Scroll to read more

Using Data Science to: Investigate UFO sightings.

Introduction

As a kid growing up with Star Trek and the X-files, I was convinced that one day I’d meet aliens. But just as those shows faded into memory, so did my hopes of meeting visitors from another world.

But in the back of my mind, I’ve always wondered if any UFO sightings could be legitimate. Until recently, I had no way to investigate it, but about a year ago I came across the National UFO Reporting Center (http://www.nuforc.org/) and realized that with Data Science, I finally can.

The Data

The National UFO Reporting Center, or NUFORC, contains data on over 100,000 UFO sightings over the last 100 years, with the majority coming from the year 2000 and beyond. 

The reports are filled out by the individuals that did the sighting, with the option to include a name or post anonymously.  Each report contains time, date, city, shape, duration, and a summary.  Not all data points are available for every sighting, but overall it is surprisingly complete. 

The first step was to scrape and clean the data.  Luckily for me, I had help on this project. A colleague named Alex Heaton scraped and cleaned the data, while two others, Navya Sandadi and Imran Manji, worked with me on the analysis.

(I’ve also made the data available here: https://www.kaggle.com/thaddeussegura/ufo-sightings)

Exploring the Data

With the data scraped and cleaned, we could jump right in to looking for things of interest in the data.  A natural place to start was to look for days with unusually high sightings, however, this revealed the first questionable finding.

Looking at the top 20 days of all time, 65% of them fall on the 4th of July. This rate is 23,725% higher than expected, which introduces the question: Is it really more likely that aliens are visiting to watch the fireworks, or that some of the fireworks are being mistaken for UFOs.

Next we checked out the breakdown across the days of the month, just looking for anything unusual. Sure enough, there was another issue.

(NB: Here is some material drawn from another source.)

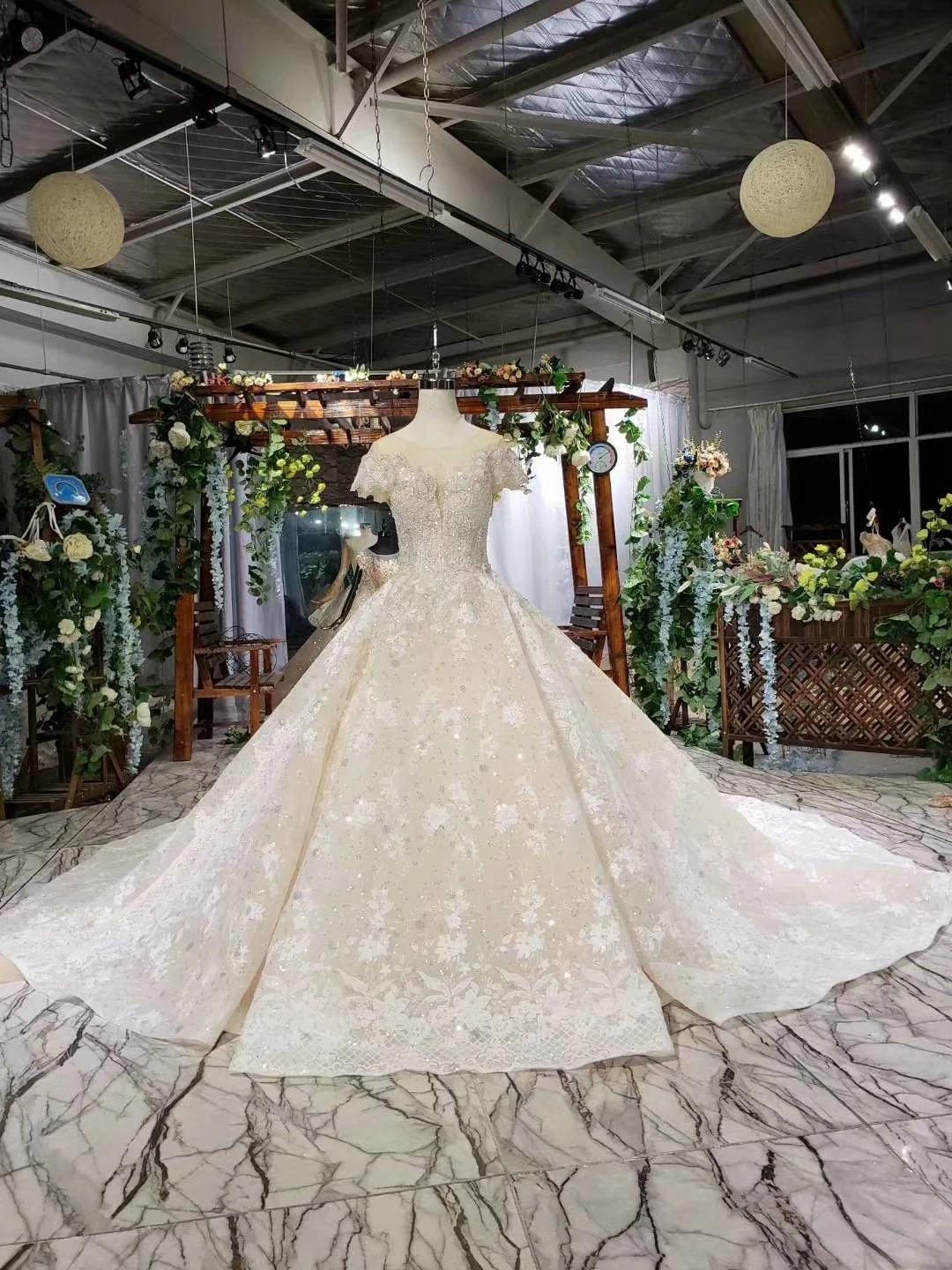 Vestido de Noiva/; свадебное платье принцессы; бальное платье с круглым вырезом; кружевное подвенечное платье с аппликацией из бусин; свадебное платье; Robe De Mariee - Цвет: As picture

Looking at the data, the 1st and 15th appear to be disproportionately high. This led us to investigate the data further, and we discovered that sometimes when the date was undefined, it defaulted to the 1st, or 15th.

Based on this, we decided to avoid digging into any date with high sightings that was on the 1st, 15th, or 4th of July.

Key Dates

Avoiding the dates listed above, we set out to identify other dates with disproportionally high sightings.  Because we only wanted to look at the most extreme dates, we decided to pull out only the dates that were greater than 4 standard deviations from the mean number of sightings. 

Basically, this means that there is a 99.994% probability that this spike in sightings couldn’t be attributed to chance.

Once I had the key dates, the next step was to visualize them on a map to look for trends.  I wrote a script to extract the longitude and latitude for each sighting and then plotted those results.

There were some sightings that appeared to be clustered, so I manually circled them in yellow. But I wondered what kind of clusters an algorithm would find on its own.

Clustering

I decided to do some clustering analysis using the K-Means algorithm. If you want to learn more, I wrote a 2 minute post explaining it here: https://thaddeus-segura.com/k-means/

Below is one of the days broken out using 8 clusters. (5 are shown for the US, but you can zoom out to see sightings across the world.)

Using these clusters, we can actually identify the projected “centers” of each. Using the centers for blue and red, I searched google to see if there was any other explanation.

A quick search revealed two separate phenomenon. First, for the blue cluster over California, the sighting was apparently a Navy Missile test.

For the red cluster around Salt Lake, this was documented as some “space junk” burning up in the atmosphere.

Repeating this for the other key days revealed that they also had been explained by worldly phenomenon.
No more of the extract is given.